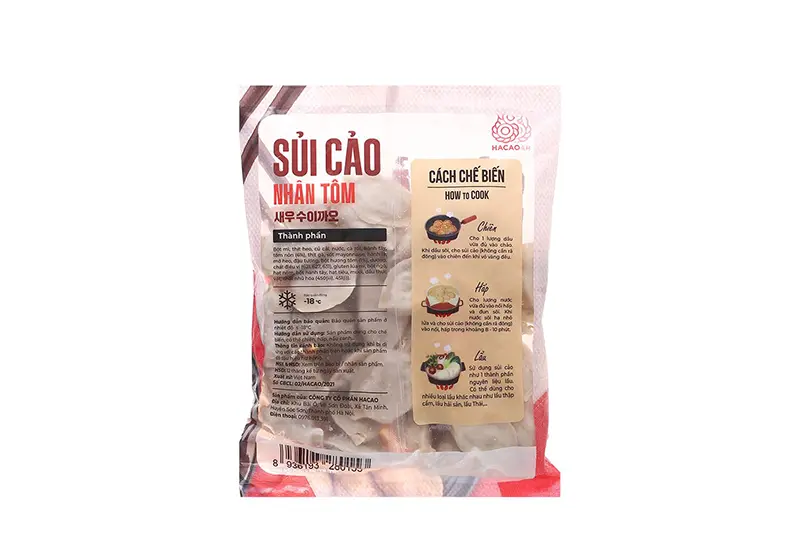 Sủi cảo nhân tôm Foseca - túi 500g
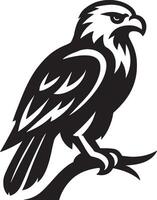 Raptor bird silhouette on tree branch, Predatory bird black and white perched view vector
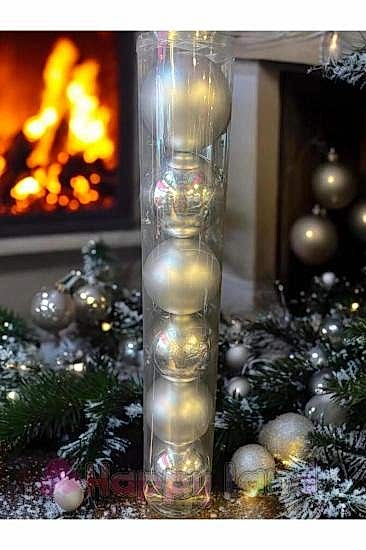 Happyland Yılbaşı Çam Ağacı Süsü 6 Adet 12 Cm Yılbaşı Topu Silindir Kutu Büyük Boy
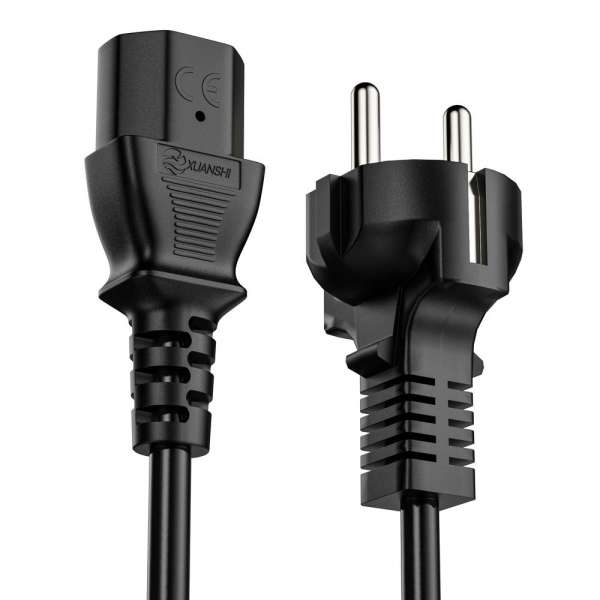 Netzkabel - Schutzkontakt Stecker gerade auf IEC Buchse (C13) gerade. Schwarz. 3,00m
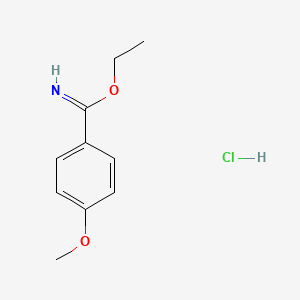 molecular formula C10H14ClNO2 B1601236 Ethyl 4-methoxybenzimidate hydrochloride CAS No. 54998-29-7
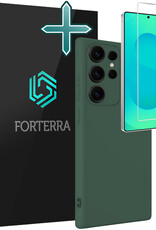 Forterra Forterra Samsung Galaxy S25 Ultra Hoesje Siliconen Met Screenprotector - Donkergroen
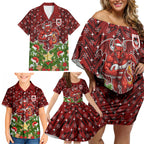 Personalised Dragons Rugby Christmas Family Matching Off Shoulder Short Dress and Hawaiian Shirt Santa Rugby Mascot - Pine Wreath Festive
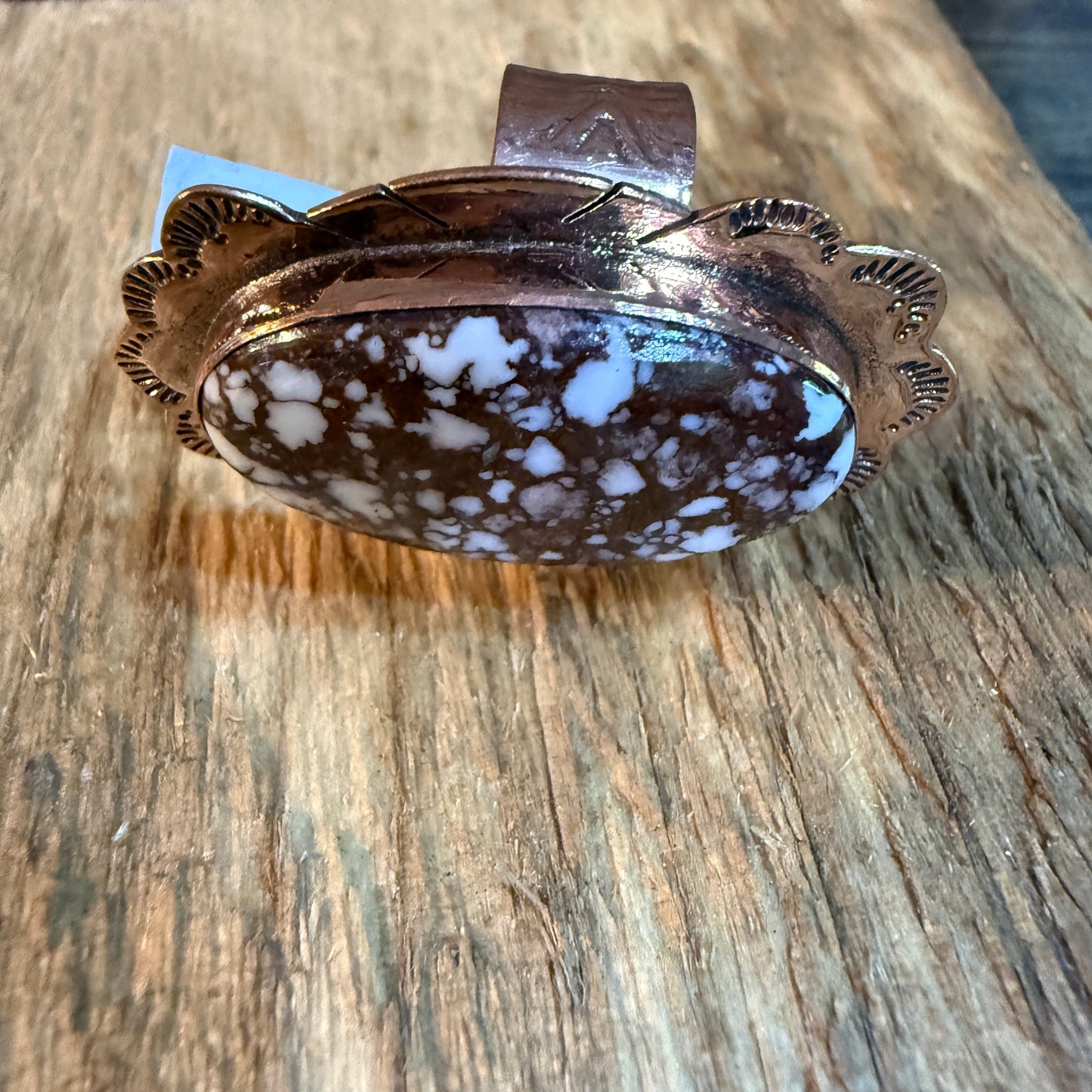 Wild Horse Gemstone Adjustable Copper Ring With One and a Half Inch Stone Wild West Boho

...

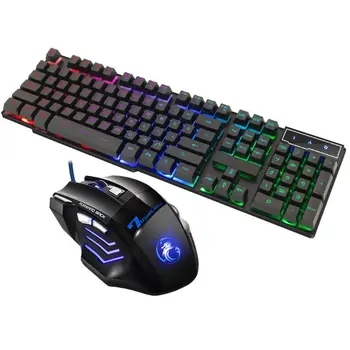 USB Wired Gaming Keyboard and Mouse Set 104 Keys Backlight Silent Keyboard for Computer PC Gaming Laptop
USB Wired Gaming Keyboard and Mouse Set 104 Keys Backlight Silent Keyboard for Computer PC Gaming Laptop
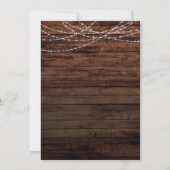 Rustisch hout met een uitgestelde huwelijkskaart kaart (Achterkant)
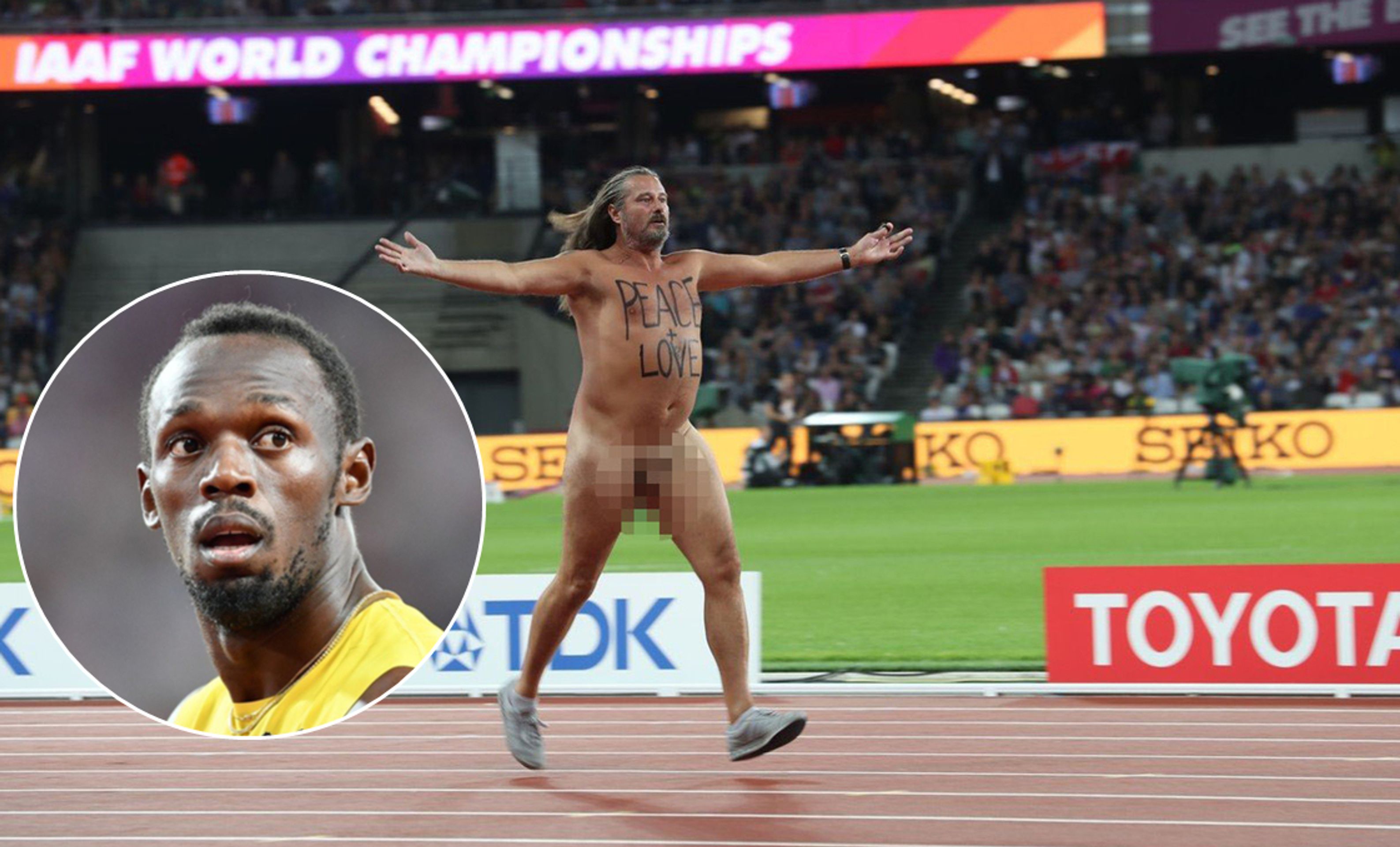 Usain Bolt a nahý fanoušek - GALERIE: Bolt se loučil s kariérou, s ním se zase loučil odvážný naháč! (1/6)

---

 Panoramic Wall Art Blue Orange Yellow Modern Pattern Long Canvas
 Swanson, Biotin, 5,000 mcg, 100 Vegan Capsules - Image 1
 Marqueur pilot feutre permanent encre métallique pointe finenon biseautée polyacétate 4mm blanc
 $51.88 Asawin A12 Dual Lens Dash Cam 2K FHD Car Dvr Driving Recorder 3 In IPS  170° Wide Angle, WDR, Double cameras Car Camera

• Aim of the exercise:
Please give back exactly the lines of the listing above that run from the one containing "Panoramic Wall Art" through the one containing "cameras Car Camera", and only those.

• Completed exercise:
 Panoramic Wall Art Blue Orange Yellow Modern Pattern Long Canvas
 Swanson, Biotin, 5,000 mcg, 100 Vegan Capsules - Image 1
 Marqueur pilot feutre permanent encre métallique pointe finenon biseautée polyacétate 4mm blanc
 $51.88 Asawin A12 Dual Lens Dash Cam 2K FHD Car Dvr Driving Recorder 3 In IPS  170° Wide Angle, WDR, Double cameras Car Camera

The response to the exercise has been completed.